LAHORE: The Lahore High Court has ruled that the demand for a presidential system of government in Pakistan is against the basic structure of the Constitution.

“The writ of mandamus can only be issued, under Article 199 of the Constitution, to a person to do what is required by law to do,” observed Justice Jawad Hassan, dismissing a writ petition seeking directions to the cabinet division to decide an application that seeks a referendum for presidential system in the country.

A citizen, Hafeezur Rehman Chaudhry, had filed a petition through Barrister Ahmad Pansota with multiple prayers, including a direction to the cabinet division to refer the matter to parliament for consideration, discussion and evaluation of the current system and holding a referendum to ascertain the will of people.

The judge asked the counsel to satisfy the court on the maintainability of the petition, as the plea went against the basic structure of the Constitution and jurisprudence developed by the superior courts of Pakistan.

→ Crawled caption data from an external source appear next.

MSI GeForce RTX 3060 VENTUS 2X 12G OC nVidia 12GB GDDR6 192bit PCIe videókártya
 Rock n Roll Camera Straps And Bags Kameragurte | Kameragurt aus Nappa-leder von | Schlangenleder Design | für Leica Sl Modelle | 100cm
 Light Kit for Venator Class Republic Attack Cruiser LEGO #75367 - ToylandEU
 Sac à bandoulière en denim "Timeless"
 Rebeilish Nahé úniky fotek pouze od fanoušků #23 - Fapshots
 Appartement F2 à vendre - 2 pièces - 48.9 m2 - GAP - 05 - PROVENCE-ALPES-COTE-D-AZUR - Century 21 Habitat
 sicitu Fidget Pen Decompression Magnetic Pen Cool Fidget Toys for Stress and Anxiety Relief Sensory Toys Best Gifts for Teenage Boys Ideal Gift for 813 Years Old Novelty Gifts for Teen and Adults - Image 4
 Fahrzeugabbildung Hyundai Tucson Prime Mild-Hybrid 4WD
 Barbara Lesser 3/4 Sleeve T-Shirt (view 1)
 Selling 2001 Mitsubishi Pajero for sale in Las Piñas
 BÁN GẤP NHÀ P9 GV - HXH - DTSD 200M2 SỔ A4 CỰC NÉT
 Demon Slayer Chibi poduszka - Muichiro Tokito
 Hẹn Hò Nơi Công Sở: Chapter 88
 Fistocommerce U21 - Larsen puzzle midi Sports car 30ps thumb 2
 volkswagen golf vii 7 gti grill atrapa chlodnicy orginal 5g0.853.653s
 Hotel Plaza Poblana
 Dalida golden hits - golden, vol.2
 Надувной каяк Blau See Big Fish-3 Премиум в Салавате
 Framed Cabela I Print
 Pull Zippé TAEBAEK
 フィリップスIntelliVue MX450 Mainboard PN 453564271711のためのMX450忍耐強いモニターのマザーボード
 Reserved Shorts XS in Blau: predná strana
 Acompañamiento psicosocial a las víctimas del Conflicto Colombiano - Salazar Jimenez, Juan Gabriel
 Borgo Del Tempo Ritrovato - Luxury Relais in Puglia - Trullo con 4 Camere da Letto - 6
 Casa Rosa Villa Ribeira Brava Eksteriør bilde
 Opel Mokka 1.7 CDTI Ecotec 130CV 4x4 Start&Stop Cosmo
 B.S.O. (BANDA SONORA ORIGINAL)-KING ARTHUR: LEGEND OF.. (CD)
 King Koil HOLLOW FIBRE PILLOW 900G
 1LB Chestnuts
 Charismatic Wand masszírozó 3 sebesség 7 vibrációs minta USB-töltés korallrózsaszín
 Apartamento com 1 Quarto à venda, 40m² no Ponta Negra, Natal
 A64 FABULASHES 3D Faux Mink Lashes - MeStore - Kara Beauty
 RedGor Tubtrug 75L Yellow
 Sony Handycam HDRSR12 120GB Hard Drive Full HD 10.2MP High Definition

Barrister Pansota explained that the reason for filing the petition was only that various applications of the petitioner addressed to the cabinet division had not been considered and decided so far. He said the petitioner sought indulgence of the court by filing the writ of mandamus to direct the respondents to do what is required by law to do, specifically under the Federal Rules of Business 1973.

However, Justice Hassan in his verdict observed that the plea for holding a referendum goes against the basic structure of the Constitution regarding democracy.

He explained that the LHC has already passed a detailed judgement by discussing the preamble of the Constitution on democracy in a 2021 case of ‘Jamshed Iqbal Cheema versus The Election Appellate Tribunal and others’, which clearly states that principles of democracy shall be fully observed.

The judge observed that such petitions brought before the court in this legal system will try to change the structure of the Constitution, the scope of which has been elaborated by the Supreme Court in ‘District Bar Association, Rawalpindi and others versus Federation of Pakistan and others’.

Justice Hassan also referred to a Supreme Court of India judgement in the famous case of ‘Kesavananda versus State of Kerala (AIR 1973 Supreme Court 1461)’ wherein it held that the basic structure and framework of the constitution cannot be altered as it was made by the chosen representatives of the country.

The petitioner’s counsel told the court that he would not press the matter if the petitioner was granted hearing by any of the relevant authorities of the cabinet division because under the federal rules, the cabinet can decide any matter if provided therein.

However, the judge observed, “I am afraid the request of the petitioner regarding issuance of a direction by this court for expeditious disposal of his aforesaid application/request cannot be allowed being not tenable in the eyes of law.”

He said that in this case, neither a proper party had been named to whom a direction could be issued, nor was the relevant law cited under which such directions can be issued, and dismissed the petition as non-maintainable.